[DATA BELOW]:
※

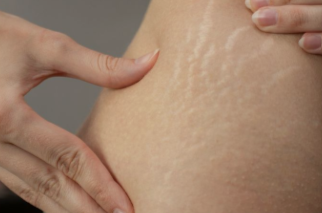 Que faire contre les vergetures ? Prévention avant tout 🌿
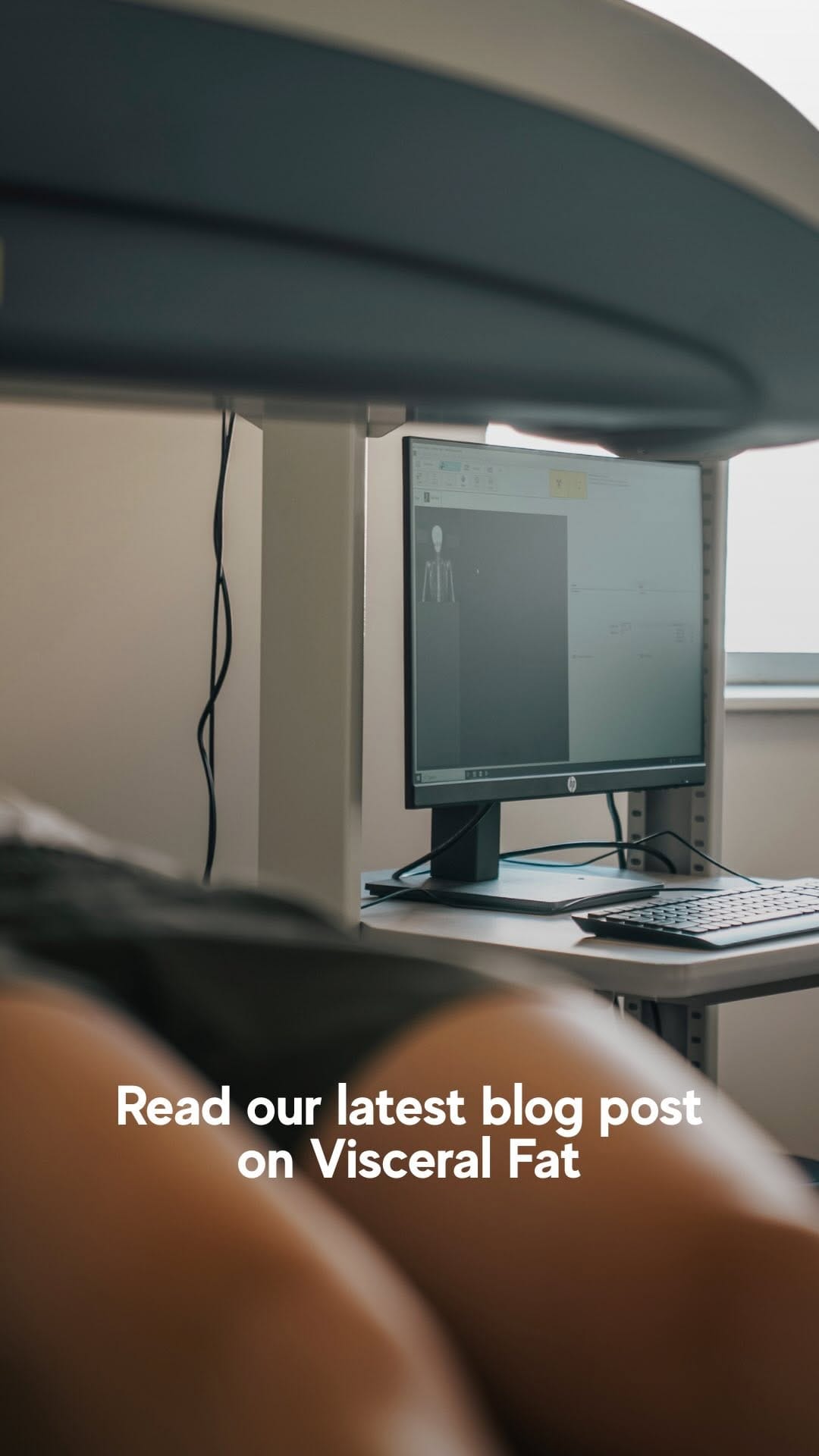 Computer monitor with a prompt to read our latest blog post on visceral fat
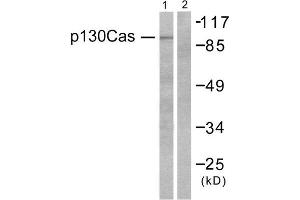 Western Blotting (WB) image for anti-Breast Cancer Anti-Estrogen Resistance 1 (BCAR1) (Tyr410) antibody (ABIN1847916) (BCAR1 抗体  (Tyr410))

※

[EXERCISE]: Transcribe the full listing above exactly as it stands, minus the pictures.

[TASK RESULT]:
 Que faire contre les vergetures ? Prévention avant tout 🌿
 Computer monitor with a prompt to read our latest blog post on visceral fat
 Western Blotting (WB) image for anti-Breast Cancer Anti-Estrogen Resistance 1 (BCAR1) (Tyr410) antibody (ABIN1847916) (BCAR1 抗体  (Tyr410))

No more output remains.